__WHAT YOU WILL DO__: Among the entries below, which lines run from the line with "Adam Morgan2 online" through the line with "Préparation Mondial 2026: Après"? Retype those, both ends included, exactly and without pictures.

__DATASET EXCERPTS__:
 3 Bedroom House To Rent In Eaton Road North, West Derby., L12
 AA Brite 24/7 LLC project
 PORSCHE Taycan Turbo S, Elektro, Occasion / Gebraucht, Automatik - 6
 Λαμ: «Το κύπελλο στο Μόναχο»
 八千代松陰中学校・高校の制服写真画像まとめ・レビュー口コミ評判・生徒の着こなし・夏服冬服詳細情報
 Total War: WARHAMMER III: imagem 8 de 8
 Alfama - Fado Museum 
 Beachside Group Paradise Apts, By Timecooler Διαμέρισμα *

* * *

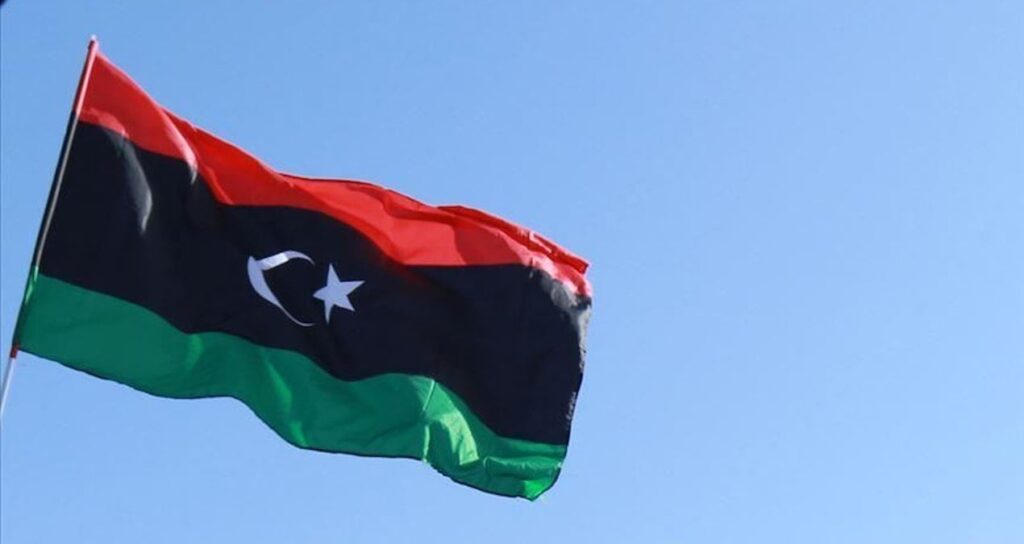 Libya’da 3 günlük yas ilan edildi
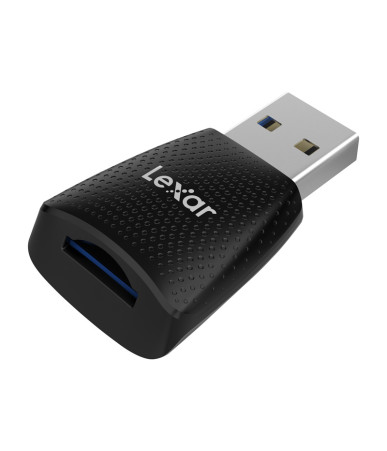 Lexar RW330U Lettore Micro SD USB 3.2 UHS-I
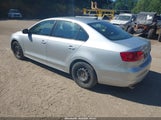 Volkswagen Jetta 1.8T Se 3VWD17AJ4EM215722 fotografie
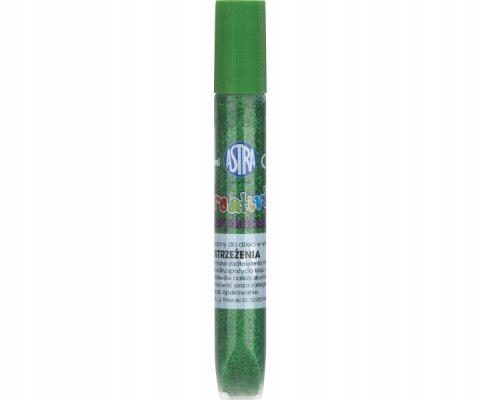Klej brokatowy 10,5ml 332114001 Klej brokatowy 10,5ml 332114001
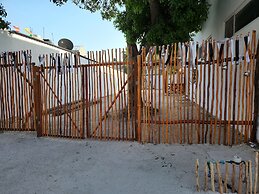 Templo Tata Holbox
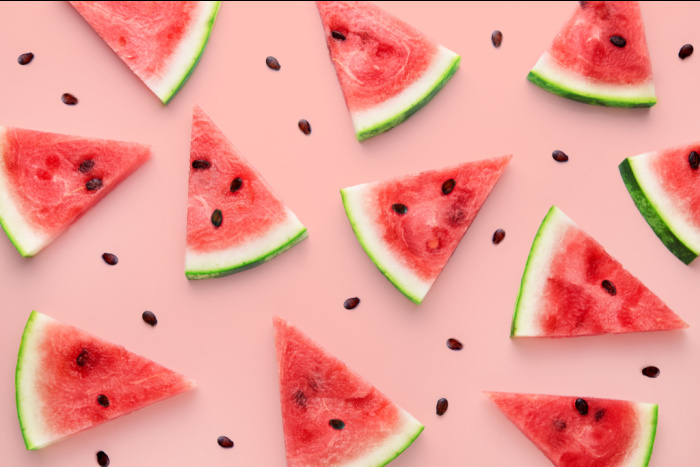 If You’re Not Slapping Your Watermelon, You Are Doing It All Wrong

* * *

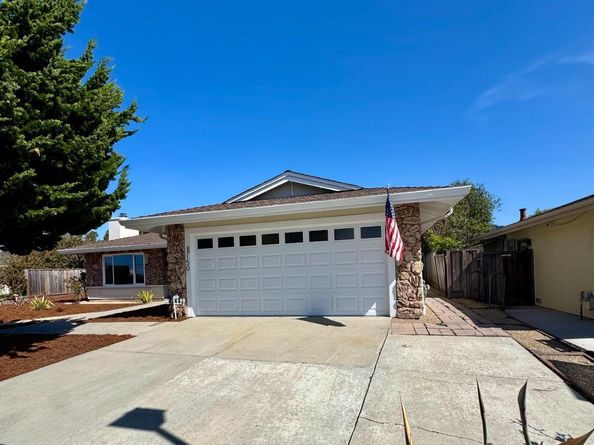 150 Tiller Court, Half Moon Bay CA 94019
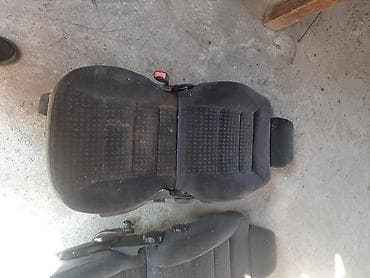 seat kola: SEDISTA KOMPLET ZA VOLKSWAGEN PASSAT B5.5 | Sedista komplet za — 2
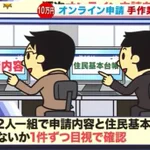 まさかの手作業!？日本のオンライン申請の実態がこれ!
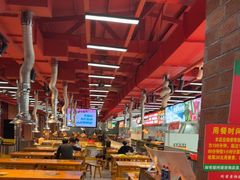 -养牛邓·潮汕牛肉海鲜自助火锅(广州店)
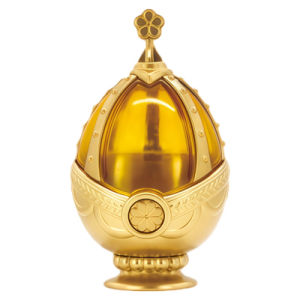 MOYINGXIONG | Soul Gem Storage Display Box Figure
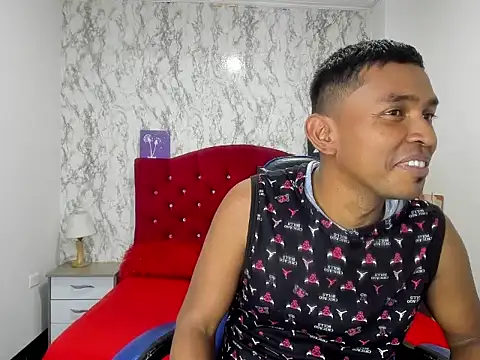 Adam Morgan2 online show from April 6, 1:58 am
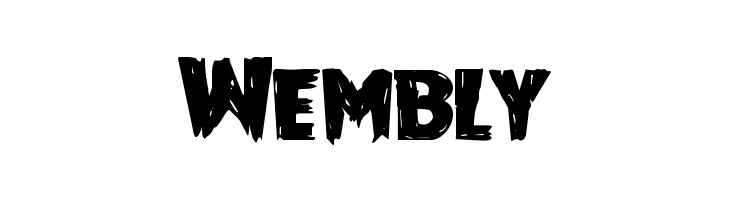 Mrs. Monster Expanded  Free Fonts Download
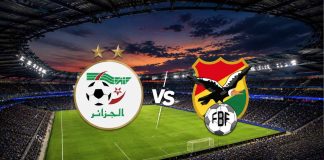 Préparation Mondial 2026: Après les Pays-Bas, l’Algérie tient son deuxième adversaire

__EXERCISE SOLUTION__:
 Adam Morgan2 online show from April 6, 1:58 am
 Mrs. Monster Expanded  Free Fonts Download
 Préparation Mondial 2026: Après les Pays-Bas, l’Algérie tient son deuxième adversaire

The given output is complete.